DOS LIVROS. 39
Coincidências, 2
No Café com Rui P. Dizia-me ele que Bagão Félix vinha nessa noite falar em Estremoz contra o desmancho artificial do projecto de organismo que a enteléquia feminina forma no ventre fecundado das mulheres. No meio da conversa à volta do assunto, o meu interlocutor esqueceu-se do nome de Bagão Félix, perdeu-o e não foi capaz de o achar. Eu quis ajudá-lo, mas verifiquei que também o tinha esquecido. O homem, um velho de oitenta anos, irritou-se. Pelo seu espírito passou a sombra de Alzheimer.
Este esquecer-se de um nome próprio quando o outro que connosco fala se esqueceu antes é frequente e até se dá com mais do que dois interlocutores. Há um outro caso típico de relação psíquica supranormal que também me foi dado experimentar frequentes vezes. Esperamos alguém em lugar e hora combinados. A pessoa não chegou. Passaram largos minutos. Quando já pensávamos que não viria, aparece alguém que, por instantes, julgámos ser ela, tão semelhantes são no aspecto físico e até nos movimentos.
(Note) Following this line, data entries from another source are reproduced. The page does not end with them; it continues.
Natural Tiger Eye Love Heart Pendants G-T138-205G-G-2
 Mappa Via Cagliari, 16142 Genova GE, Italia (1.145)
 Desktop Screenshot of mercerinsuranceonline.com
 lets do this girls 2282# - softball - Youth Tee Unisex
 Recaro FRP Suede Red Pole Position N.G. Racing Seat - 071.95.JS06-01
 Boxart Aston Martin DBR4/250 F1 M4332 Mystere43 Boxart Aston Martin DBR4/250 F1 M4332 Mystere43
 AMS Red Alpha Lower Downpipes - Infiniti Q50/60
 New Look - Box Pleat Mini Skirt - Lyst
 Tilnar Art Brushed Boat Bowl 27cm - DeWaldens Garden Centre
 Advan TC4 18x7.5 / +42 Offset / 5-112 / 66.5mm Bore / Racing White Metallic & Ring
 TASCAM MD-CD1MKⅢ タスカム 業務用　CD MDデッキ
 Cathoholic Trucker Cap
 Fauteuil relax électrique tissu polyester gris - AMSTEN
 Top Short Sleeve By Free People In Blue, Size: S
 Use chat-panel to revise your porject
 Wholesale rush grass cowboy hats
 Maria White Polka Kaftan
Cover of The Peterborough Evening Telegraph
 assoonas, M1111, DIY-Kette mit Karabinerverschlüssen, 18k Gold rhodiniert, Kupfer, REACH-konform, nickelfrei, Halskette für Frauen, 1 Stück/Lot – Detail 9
Verificado o engano, não tivemos que esperar uns momentos para que o modelo que tínhamos no espírito aparecesse então em carne e alma verdadeiras.
Voltando ao Bagão Félix, o esquecimento que tivemos do seu nome foi seguido de um acontecimento tão extraordinário quanto feliz. Uma das empregadas do Café onde conversávamos veio levantar a mesa ao lado, e eu, movido por um súbito impulso, ordenei-lhe suavemente:
– Diz uma letra.
Ela disse: B. E o nome do político saltou das entranhas obscuras da memória de ambos para a luz da consciência e da vida de relação.
Procurei então conversar sobre estes labirintos do espírito, mas Rui P. disfarçou o íntimo receio do divino pegando num jornal que estava sobre a mesa, fingindo que estava nele interessado. Estou crente em que o leitor saberá ligar o que certamente ficou por ligar no espírito do meu ocasional interlocutor.